Hi Tom,
Thanks for the quick reply. It would be nice to be able to use the modified amino acids in the future. We have a couple dozen structures of the same protein with different ligands, so it adds up to quite a bit of editing.

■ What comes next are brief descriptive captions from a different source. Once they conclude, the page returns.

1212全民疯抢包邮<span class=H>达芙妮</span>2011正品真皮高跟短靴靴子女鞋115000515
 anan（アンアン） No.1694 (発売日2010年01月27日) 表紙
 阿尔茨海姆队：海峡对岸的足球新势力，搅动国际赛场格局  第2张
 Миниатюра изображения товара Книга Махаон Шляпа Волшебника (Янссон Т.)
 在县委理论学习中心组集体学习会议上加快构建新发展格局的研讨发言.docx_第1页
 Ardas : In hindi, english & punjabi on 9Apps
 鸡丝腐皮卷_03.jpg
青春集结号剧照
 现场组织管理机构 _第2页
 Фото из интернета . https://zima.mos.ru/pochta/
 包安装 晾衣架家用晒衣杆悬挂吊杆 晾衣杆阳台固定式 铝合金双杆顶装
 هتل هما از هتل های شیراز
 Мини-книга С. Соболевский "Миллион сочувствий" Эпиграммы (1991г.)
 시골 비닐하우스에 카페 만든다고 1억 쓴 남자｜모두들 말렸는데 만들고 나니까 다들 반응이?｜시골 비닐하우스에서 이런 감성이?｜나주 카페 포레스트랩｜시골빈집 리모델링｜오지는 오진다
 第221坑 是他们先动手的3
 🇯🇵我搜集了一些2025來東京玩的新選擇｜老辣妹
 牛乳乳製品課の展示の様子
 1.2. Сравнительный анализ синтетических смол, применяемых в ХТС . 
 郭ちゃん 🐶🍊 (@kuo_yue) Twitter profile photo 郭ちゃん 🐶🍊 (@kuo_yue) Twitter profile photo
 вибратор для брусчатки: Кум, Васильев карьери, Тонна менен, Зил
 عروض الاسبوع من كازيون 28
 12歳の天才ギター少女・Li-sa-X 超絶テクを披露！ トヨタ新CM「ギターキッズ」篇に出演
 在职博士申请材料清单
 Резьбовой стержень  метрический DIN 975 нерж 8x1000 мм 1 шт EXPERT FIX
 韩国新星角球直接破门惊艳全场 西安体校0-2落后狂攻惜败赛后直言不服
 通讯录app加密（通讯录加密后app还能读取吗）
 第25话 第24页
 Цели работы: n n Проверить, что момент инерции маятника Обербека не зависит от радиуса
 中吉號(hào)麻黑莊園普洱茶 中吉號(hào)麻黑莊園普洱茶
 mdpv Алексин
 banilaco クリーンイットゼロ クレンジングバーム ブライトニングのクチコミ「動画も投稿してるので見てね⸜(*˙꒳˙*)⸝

I tried your suggestion and got this:
Last login: Fri Jan 14 13:26:20 on ttys000
knettles$ source /usr/local/phenix-1.6.4-486/phenix_env.sh
knettles$ phenix.autobuild show_facts | grep semet
Sorry semet = False
: No current run to carry on with...cannot use carry_on
I didn’t input a parameters file, and there is no semet in the structure. The autobuild.eff file says:
model_building {
build_type = *RESOLVE RESOLVE_AND_BUCCANEER
allow_negative_residues = False
highest_resno = "697"
semet = False
use_met_in_align = Auto True *False
Any other ideas about where it could be coming from?
Best regards,
Kendall
On 1/19/11 11:26 AM, "Thomas C. Terwilliger" <[email protected]> wrote:
Hi Kendall,
I can help with the first problem at least...
Can you try this:
phenix.autobuild show_facts | grep semet
That should yield (if everything is normal):
phenix.autobuild show_facts | grep semet
semet = False
default_semet 0
semet "False"
If it says semet True ...then we need to figure out where the True is
coming from. Possibilities: (1) somewhere in your parameters file, (2)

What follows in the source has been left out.